### Information supplied
=== Section Start ===

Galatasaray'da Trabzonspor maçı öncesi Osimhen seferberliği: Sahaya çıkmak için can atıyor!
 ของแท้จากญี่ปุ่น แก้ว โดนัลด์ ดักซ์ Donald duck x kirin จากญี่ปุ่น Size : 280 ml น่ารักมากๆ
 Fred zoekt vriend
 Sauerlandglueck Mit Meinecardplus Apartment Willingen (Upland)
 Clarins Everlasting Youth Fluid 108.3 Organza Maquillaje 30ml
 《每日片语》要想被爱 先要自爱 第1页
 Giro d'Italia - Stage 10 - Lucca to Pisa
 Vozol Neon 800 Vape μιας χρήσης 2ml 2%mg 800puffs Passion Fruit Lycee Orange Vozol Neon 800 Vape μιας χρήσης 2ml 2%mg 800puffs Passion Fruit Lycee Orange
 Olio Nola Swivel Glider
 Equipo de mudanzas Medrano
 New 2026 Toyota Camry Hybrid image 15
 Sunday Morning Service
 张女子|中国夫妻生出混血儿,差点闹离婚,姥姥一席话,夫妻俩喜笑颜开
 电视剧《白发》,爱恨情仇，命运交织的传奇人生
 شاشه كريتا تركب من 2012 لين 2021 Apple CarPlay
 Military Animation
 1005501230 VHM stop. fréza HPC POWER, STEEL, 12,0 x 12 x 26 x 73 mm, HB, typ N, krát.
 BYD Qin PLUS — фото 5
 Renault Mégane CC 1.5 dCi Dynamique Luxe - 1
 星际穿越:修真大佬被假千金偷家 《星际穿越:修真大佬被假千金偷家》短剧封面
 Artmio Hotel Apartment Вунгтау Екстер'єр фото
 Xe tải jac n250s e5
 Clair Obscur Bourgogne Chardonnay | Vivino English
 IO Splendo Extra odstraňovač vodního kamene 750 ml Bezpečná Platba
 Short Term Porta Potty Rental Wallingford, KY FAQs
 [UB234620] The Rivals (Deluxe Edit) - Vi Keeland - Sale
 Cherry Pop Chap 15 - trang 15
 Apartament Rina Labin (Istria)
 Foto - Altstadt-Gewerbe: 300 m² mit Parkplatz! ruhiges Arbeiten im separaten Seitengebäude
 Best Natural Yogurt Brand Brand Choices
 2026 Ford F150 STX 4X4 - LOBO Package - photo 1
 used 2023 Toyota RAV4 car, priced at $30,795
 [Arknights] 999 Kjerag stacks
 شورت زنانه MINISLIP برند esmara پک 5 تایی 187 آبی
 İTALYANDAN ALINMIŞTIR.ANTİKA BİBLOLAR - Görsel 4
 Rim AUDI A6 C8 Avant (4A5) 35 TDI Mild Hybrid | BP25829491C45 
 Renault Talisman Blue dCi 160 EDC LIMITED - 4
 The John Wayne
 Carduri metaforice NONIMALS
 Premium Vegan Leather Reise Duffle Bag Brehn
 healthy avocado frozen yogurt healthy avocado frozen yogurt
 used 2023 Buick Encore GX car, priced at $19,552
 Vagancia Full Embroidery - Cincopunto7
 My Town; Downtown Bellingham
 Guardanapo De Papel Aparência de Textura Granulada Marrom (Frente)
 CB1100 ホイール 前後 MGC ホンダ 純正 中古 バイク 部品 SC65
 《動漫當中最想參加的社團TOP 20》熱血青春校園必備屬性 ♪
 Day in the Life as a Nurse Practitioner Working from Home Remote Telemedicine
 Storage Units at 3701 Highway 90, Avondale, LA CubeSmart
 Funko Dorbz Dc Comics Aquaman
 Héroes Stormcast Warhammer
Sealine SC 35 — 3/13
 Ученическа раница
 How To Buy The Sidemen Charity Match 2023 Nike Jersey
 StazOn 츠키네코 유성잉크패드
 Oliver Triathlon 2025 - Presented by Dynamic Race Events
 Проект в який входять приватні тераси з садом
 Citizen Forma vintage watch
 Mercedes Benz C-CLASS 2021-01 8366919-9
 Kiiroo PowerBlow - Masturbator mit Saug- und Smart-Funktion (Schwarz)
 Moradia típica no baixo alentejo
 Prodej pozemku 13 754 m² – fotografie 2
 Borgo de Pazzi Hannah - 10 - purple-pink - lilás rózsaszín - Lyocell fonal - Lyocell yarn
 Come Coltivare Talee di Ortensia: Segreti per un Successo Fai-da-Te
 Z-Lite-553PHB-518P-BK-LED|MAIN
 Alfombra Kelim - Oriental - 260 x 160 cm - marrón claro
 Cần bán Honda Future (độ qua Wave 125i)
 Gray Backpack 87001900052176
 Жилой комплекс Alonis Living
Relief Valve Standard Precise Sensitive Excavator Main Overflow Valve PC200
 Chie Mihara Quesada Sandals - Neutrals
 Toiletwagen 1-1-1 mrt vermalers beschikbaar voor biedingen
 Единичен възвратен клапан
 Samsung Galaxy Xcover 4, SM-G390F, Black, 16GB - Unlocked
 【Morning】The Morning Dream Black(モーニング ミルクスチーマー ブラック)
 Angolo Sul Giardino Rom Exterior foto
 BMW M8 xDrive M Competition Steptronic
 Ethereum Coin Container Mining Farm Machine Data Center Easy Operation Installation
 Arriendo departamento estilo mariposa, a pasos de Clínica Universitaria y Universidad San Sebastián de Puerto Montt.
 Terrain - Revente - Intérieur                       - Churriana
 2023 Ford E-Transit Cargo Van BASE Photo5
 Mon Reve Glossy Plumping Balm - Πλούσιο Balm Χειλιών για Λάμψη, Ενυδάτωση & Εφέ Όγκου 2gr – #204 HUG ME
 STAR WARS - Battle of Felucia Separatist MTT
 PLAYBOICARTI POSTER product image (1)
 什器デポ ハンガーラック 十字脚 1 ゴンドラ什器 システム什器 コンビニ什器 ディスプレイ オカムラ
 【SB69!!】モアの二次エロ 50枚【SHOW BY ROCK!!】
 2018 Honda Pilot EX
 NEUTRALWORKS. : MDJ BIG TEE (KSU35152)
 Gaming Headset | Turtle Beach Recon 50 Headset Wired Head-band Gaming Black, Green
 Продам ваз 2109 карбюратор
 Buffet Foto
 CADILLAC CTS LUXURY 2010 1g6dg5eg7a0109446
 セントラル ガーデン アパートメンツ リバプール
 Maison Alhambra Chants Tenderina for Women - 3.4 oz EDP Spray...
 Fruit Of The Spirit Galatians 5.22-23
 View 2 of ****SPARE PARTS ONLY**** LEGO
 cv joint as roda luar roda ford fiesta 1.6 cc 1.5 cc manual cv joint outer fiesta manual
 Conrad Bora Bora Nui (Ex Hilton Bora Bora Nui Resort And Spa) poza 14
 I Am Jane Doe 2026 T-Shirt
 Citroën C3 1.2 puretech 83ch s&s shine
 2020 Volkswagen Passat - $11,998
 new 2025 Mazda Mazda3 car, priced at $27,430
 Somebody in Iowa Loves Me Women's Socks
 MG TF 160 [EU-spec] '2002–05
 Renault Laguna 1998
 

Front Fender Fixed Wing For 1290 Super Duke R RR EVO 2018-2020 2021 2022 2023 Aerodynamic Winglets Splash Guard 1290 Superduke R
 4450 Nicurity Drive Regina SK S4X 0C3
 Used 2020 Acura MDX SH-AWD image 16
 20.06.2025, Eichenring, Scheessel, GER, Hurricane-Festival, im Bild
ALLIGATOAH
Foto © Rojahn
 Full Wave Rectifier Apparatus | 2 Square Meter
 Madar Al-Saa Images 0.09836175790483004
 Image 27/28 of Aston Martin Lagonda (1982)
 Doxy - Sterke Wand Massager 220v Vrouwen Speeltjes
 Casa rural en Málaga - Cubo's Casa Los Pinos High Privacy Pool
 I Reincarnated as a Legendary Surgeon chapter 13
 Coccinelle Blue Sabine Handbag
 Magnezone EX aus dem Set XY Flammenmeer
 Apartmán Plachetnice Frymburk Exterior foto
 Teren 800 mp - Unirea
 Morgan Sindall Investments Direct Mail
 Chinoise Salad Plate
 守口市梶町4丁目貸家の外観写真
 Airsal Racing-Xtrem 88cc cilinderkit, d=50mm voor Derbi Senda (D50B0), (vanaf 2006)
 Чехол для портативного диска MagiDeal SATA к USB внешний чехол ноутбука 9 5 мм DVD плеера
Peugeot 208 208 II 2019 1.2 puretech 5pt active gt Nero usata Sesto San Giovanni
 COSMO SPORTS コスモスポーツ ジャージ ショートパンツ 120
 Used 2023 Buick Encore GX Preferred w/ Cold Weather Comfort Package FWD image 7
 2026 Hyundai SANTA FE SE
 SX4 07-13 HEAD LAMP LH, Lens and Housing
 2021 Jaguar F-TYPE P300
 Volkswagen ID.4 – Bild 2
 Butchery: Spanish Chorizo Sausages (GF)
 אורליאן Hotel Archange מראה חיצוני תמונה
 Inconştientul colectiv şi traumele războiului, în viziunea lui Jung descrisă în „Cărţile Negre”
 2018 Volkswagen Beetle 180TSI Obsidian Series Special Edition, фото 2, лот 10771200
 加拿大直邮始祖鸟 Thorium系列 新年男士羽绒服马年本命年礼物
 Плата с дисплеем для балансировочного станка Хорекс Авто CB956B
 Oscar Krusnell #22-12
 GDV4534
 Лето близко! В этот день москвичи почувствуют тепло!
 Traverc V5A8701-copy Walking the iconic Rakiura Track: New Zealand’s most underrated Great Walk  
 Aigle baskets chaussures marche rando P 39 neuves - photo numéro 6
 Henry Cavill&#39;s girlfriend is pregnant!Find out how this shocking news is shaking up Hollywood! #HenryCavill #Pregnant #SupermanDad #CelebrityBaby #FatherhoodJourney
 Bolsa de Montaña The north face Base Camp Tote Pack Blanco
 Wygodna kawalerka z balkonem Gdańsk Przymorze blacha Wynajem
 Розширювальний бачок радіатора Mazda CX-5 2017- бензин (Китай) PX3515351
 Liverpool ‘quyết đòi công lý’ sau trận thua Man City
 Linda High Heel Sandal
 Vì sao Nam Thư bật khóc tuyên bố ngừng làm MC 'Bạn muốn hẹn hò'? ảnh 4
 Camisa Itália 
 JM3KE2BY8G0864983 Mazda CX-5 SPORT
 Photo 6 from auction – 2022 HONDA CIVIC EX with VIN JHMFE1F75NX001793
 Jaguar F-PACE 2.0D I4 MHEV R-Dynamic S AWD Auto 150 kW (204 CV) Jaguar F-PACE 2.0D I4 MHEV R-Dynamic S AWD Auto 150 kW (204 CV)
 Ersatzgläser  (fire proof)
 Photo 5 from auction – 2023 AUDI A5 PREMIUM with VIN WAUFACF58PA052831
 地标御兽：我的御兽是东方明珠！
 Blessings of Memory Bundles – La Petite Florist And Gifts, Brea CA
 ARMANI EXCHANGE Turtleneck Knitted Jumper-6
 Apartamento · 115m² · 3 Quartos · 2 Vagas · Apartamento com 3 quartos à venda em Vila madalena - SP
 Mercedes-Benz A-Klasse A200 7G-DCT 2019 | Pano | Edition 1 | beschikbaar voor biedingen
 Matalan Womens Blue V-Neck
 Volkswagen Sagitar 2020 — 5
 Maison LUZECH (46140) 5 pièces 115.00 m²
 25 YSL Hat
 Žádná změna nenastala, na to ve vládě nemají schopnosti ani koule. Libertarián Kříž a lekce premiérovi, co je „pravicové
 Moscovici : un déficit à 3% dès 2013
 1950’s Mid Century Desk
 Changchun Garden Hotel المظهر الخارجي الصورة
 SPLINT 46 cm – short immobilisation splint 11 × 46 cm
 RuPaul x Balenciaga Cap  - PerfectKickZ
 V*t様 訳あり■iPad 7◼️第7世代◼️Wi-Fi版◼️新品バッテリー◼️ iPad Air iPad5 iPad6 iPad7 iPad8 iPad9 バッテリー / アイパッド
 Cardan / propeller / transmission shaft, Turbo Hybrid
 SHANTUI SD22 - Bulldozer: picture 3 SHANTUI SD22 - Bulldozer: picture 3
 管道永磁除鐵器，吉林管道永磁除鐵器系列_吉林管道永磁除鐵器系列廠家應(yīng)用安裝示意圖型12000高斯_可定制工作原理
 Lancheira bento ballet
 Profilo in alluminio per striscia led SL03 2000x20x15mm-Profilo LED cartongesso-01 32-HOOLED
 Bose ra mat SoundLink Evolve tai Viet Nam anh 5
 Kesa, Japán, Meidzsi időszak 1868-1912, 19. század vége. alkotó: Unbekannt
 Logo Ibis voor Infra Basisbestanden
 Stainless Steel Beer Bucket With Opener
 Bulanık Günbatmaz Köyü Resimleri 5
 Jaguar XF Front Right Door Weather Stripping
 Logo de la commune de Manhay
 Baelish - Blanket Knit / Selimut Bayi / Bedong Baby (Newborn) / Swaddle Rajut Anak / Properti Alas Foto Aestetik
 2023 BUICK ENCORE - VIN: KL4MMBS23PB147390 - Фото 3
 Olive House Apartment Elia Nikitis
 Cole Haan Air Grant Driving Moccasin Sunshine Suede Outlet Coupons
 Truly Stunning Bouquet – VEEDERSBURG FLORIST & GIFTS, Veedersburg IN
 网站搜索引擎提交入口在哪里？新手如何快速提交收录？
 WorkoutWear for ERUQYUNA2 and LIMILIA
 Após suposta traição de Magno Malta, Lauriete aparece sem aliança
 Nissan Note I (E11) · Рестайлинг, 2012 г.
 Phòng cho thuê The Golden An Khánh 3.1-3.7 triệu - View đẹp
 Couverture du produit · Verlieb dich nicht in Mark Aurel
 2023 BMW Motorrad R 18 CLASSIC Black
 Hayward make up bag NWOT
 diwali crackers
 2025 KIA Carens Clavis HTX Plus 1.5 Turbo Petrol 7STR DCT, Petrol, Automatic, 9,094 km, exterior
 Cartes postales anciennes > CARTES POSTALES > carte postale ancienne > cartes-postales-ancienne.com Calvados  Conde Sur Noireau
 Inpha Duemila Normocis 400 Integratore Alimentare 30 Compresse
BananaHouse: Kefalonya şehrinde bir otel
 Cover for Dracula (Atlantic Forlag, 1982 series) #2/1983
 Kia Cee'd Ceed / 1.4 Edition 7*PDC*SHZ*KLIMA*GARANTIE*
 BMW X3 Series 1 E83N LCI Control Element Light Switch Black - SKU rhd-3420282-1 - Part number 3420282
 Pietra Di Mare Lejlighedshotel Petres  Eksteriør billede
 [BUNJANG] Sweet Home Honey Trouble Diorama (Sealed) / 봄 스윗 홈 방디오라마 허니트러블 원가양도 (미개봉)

=== Section End ===

### What you need to do
From the entries, report every line in which the string "priced" occurs.

### Reply
 used 2023 Toyota RAV4 car, priced at $30,795
 used 2023 Buick Encore GX car, priced at $19,552
 new 2025 Mazda Mazda3 car, priced at $27,430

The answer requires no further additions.